The Music Is The Magic
Abbey Lincoln
Verve
Last month, listening to Sharon Jones, I mentioned Abbey Lincoln. It got me thinking and, as usual, one thing led to another. That’s the way things work with me; one plus two equals five.
When I was eighteen, newly arrived in New York, there was a place I went near Washington Square. I couldn’t afford to eat so I sat at the bar and pretended to drink. I picked up abandoned glasses and moved around. I kept to the shadows. I struck poses that implied I was waiting for someone.

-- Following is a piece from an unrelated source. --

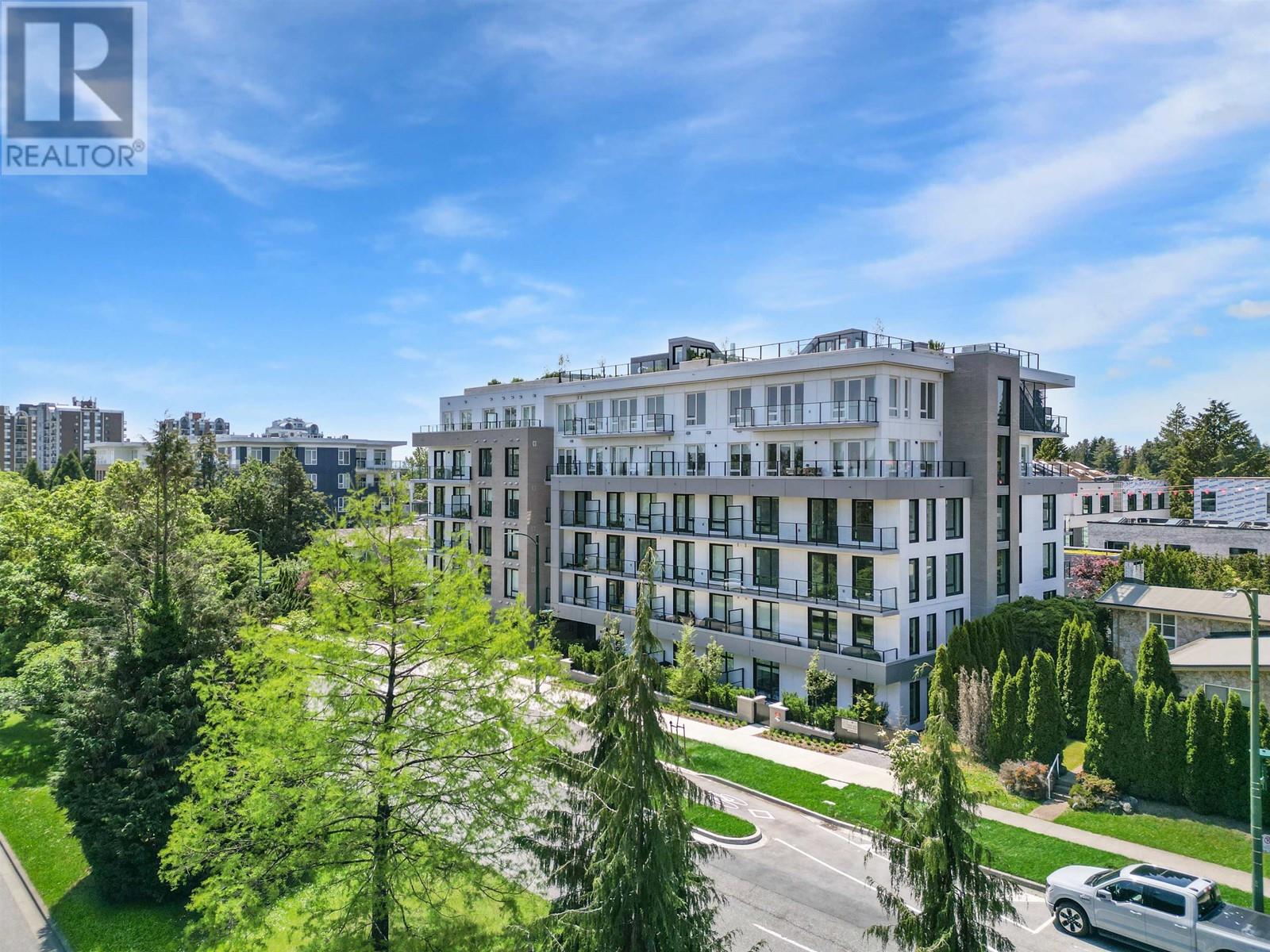 305 6859 CAMBIE STREET, Vancouver, British Columbia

Mostly I listened to Abbey Lincoln. She played there most weekends. Just her and a pianist. Sometimes a bass player. I was too young to understand what I was seeing. How could I understand such tenderness, such intensity? I took her for granted; I thought this was what singers did. I didn’t pay as much attention as I should have.
I compared her to the bluegrass singers I’d seen while I was growing up. Ralph Stanley, Bill Monroe, Carl Story, Jimmy Martin. She had the same blind devotion. She was singular, a one off.
Abbey Lincoln was a magician.
It would be years before I understood how sloppy and lazy, how uncommitted most singers are.
Recently Bob Dylan wrote about another New York singer/magician, Karen Dalton. Everything he wrote I could say about Abbey Lincoln; a blues singer, funky, lanky, sultry… she went all the way with it.
I heard later that Karen Dalton was living around the corner, struggling through hard times. I might have seen her, might have sat next to her, we might have been listening to Abbey Lincoln together.
As I said: one thing leads to another.
I would have liked to have heard them sing together, two high priestesses of busted beauty. I imagine that this song, The Music Is The Magic, is what it might have sounded like.